Li highlighted a recent case that baffled the embassy lawyers where a Chinese national was deported for a ‘minor offence’ of illegal fishing he committed two years ago and had already paid a fine for. He said the case was an extremely stringent justice for a minor offence and did not warrant deportation.
The Chinese diplomat went on to question why the Chinese national was not deported two years ago at the time he committed the said offence.
In a subject that could smack of lagging collaboration between the Chinese embassy and the local law enforcement authorities, the emissary categorically denied the involvement of his people in criminal activities saying that “dissimilar to popular belief that the Chinese are involved in criminal conduct a good majority of my people are decent expatriates operating under the confines of the law.”
He added that he has never been told or noticed of anything untoward by his people.
The Chinese emissary said that under the new immigration law passed in 2013 that allows for instantaneous, arbitral and unilateral deportation, “it has become difficult for the Chinese to manage their lives here.”

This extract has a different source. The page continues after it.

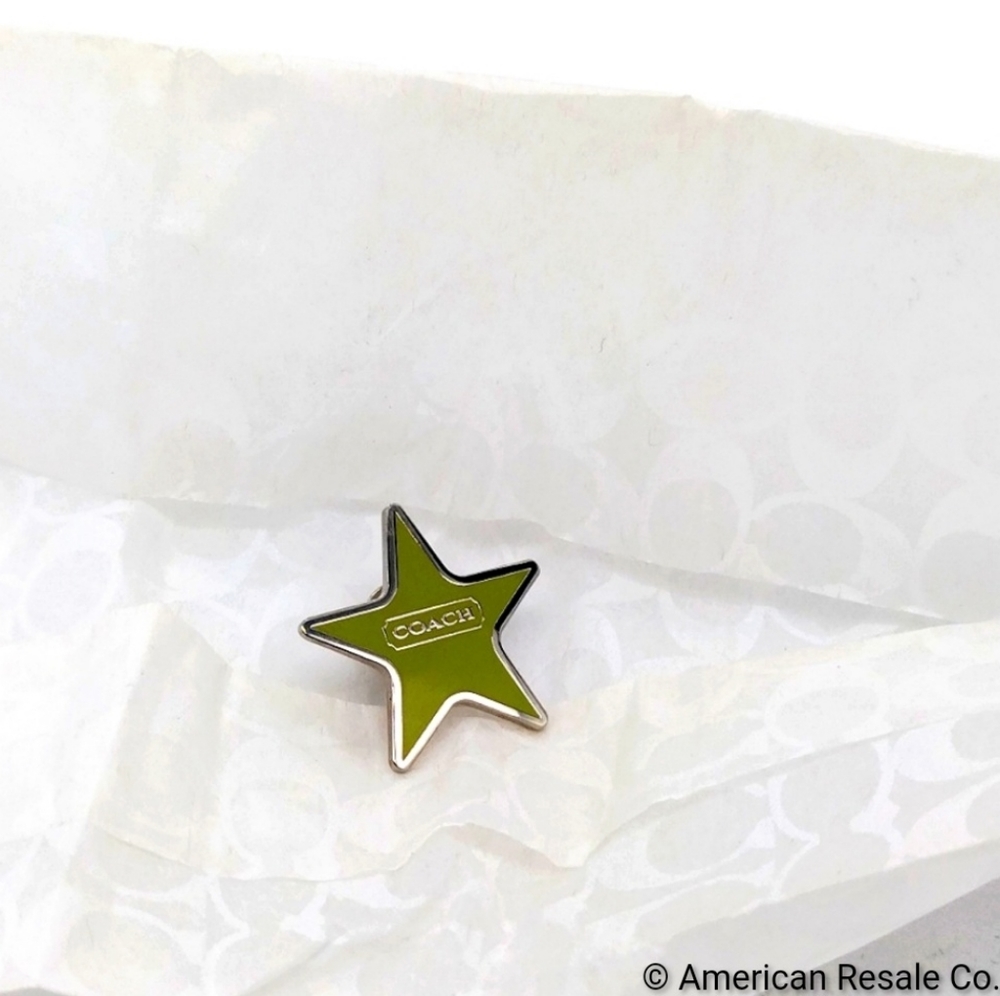1 Left! COACH Vintage Green Star Pin brooch, purse or backpack charm - Picture 5 of 5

He continued saying that this law, coupled with stringent and unpredictable ways of the immigration department where the number of years of residence in Botswana have seemingly been reduced from five to three and two years is disruptive to the lives of families of the Chinese, their businesses and investments, stopping short of labelling it counter-productive.
Li went on to say that the Chinese do not feel secure, “They face difficulties in visa renewals even if they have been in the country for 5 or 20 years”.
According to Section 48 of the Immigration Act (1), “a person shall not have the right to be heard before or after a decision is made by the President in relation to that person under this Act.”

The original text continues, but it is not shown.